Je veux parler bien sûr de 좋은 놈, 나쁜 놈, 이상한 놈 ou, pour son titre français, de Le bon, la brute et le cinglé, le dernier opus de Kim Jee-Woon.
Et il faut avouer que ça aurait été très difficile de passer à côté tant la télévision coréenne nous bombarde de publicités et autres bandes-annonces en tous genres sur ce film.

좋은 놈, 나쁜 놈, 이상한 놈
Veille de mon retour oblige (et voyage qui s’enchaîne en direct à Québec), je ne trouve le temps que maintenant de poster ce billet… depuis la Belle Province.
Synopsis
Mandchourie, années 1930. Tae-gu, le Cinglé du titre, dévalisant un train transportant des officiels japonais, tombe sur une mystérieuse carte au trésor.
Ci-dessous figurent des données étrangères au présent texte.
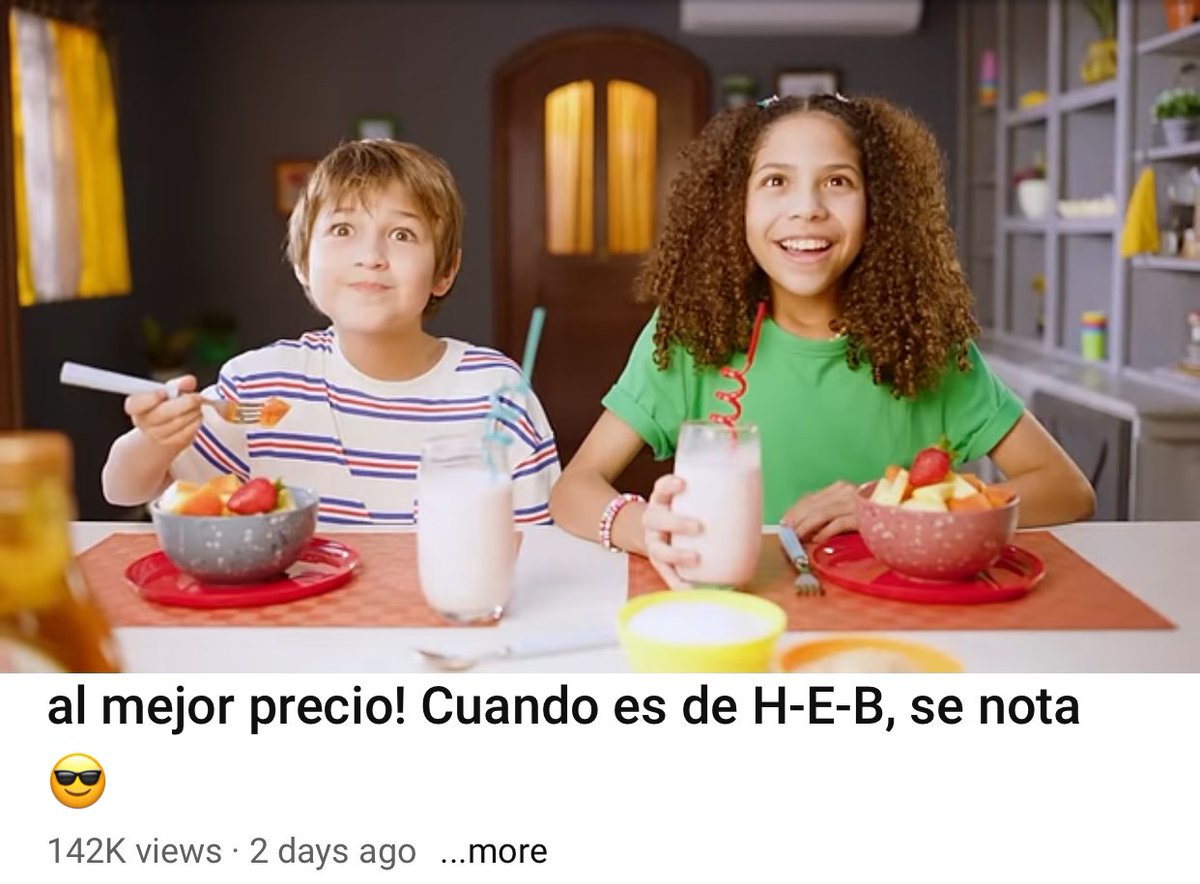 Ya van saliendo los spots que dirigí para H.E.B 🎬💫♥️  Aquí uno m.youtube.com/watch?v=XH1AN8…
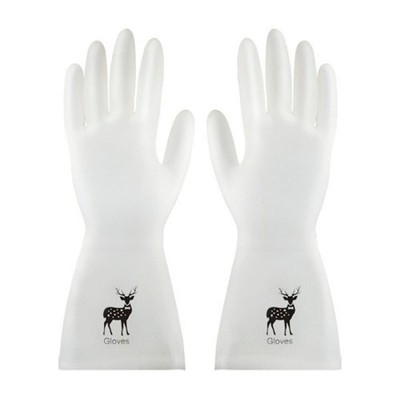Wasserdichte PVC Küchen Geschirrspülhandschuhe, rutschfest, Größe S, 13 x 30 cm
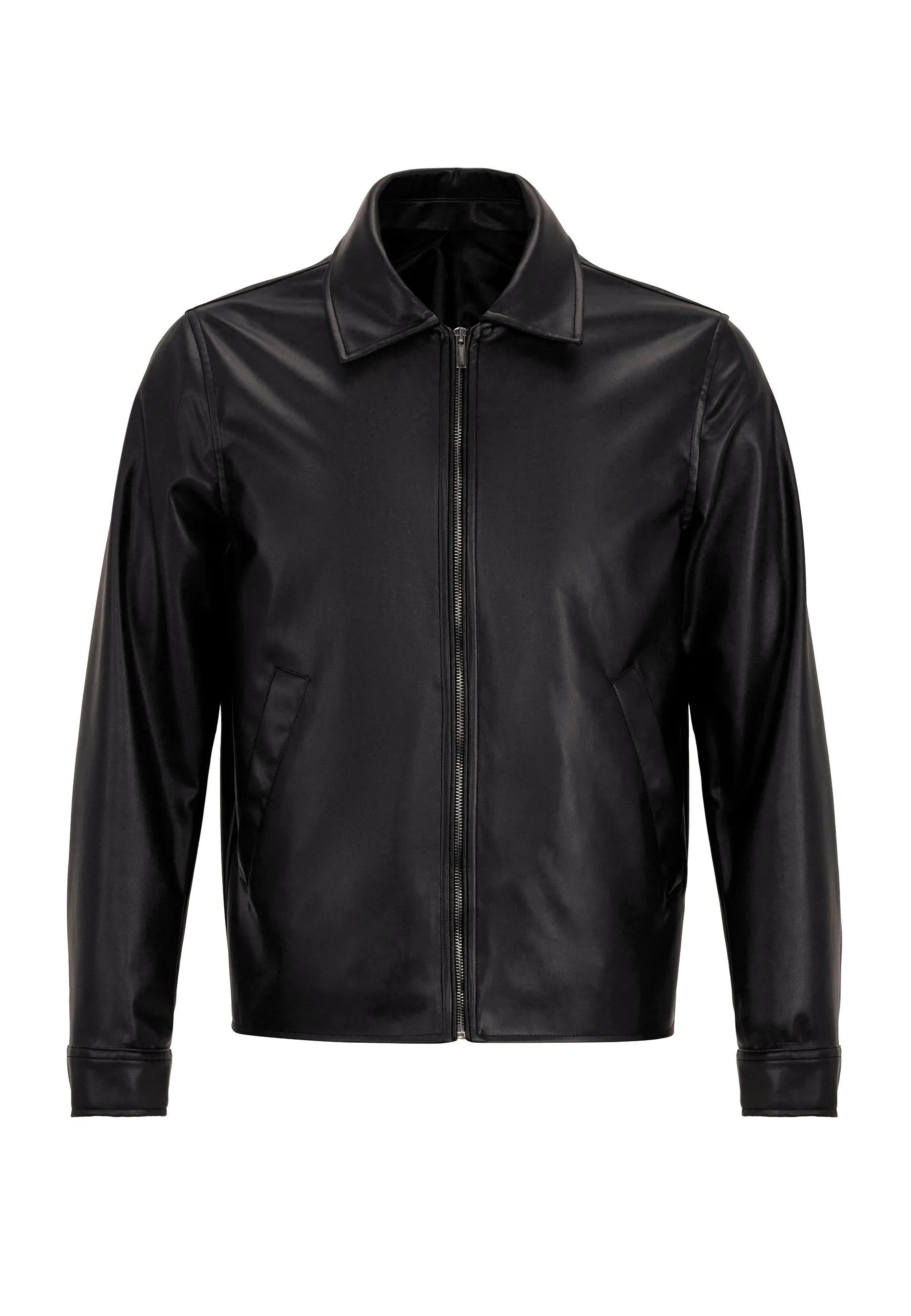 ANT Faux Leather Men's Coat - Johns Creek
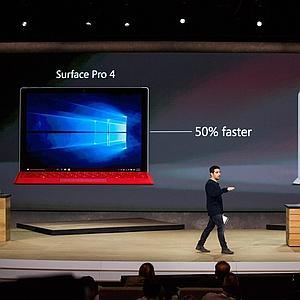 Panos Panay , vicepresidente de Microsoft, durante la presentación de la Surface Pro 4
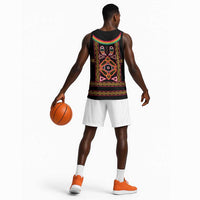 Cameroon Bamenda Basketball Jersey Toghu Traditional Pattern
Le premier problème est que le train est également attaqué par l’impitoyable Chang-i (la Brute) et son gang de tueurs, lesquels sont à la recherche… de cette même carte.
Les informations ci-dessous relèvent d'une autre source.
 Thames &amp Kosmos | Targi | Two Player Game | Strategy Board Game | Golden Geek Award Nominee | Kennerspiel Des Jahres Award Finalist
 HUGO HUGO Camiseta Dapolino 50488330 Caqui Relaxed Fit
Le deuxième problème est qu’arrive alors le Bon, Do-won, un chasseur de prime à la recherche de la Brute et du Cinglé dont les têtes sont mises à prix.
Ces trois-là ne se quitteront que pour mieux se retrouver pendant plus de deux heures rythmées, haletantes, jubilatoires… mémorables.

Affiches internationales de Le Bon, la Brute et le Cinglé
Mon avis
Il me faut le dire de suite : ayant vu le film en coréen non sous-titré, je n’ai pas tout compris, mais au vu des réactions du public (salle pleine pour la première séance du film, à 10 heures du matin un jour de semaine !), le script semble plein d’humour… (à noter que le film est diffusé avec des sous-titres en anglais au CGV de Yongsan, mais c’était trop loin pour que je puisse y aller). Mais, fort heureusement, le film s’apprécie déjà grandement sans les dialogues avec un scénario assez facile à suivre qui enchaîne des scènes d’actions toutes plus jouissives les unes que les autres au milieu de décors grandioses et de costumes hauts en couleur.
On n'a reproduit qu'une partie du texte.